- _DATASET_:

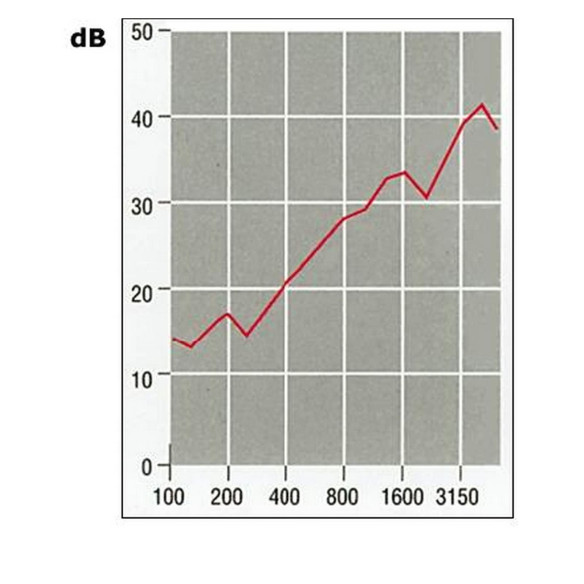 Pannello autoestinguente con finitura fibra di vetro bianca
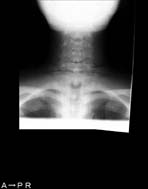 PBU-50 X-ray Neck Scan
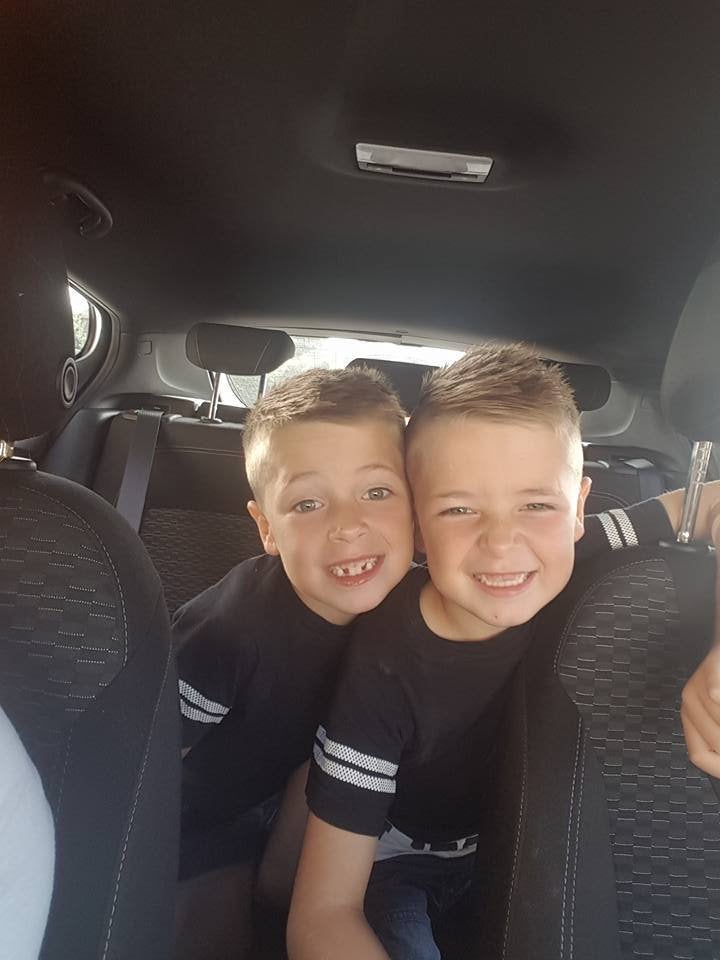 (L-R) Logan and Regan Skinner after their treatment.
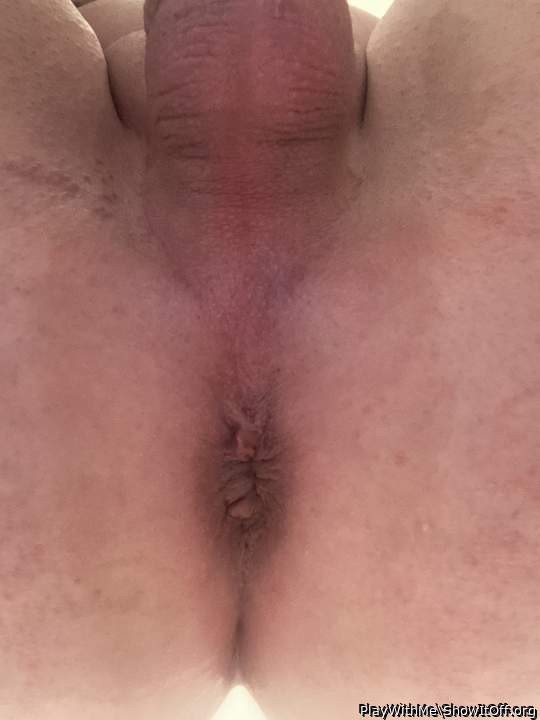 My asshole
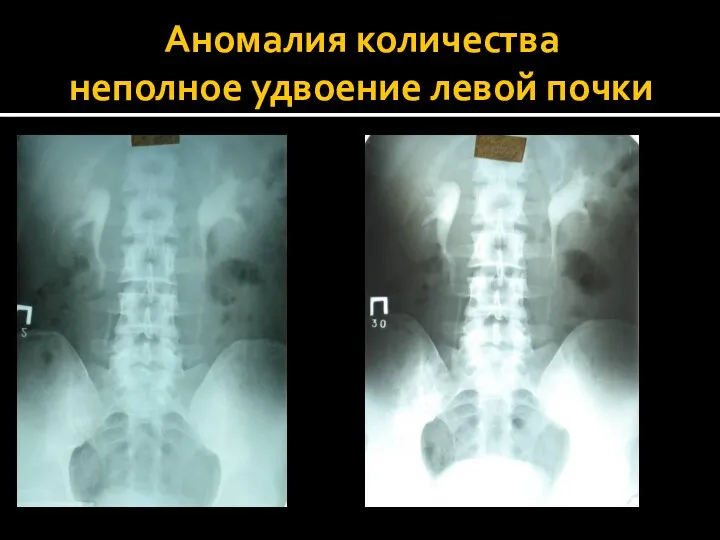 Аномалия количества неполное удвоение левой почки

- _TASK_: Write out exactly the lines running from the one with "(L-R) Logan and" through the end of the material, both ends included, while leaving the pictures out.

- _ANSWER FOR THIS EXERCISE_:
 (L-R) Logan and Regan Skinner after their treatment.
 My asshole
 Аномалия количества неполное удвоение левой почки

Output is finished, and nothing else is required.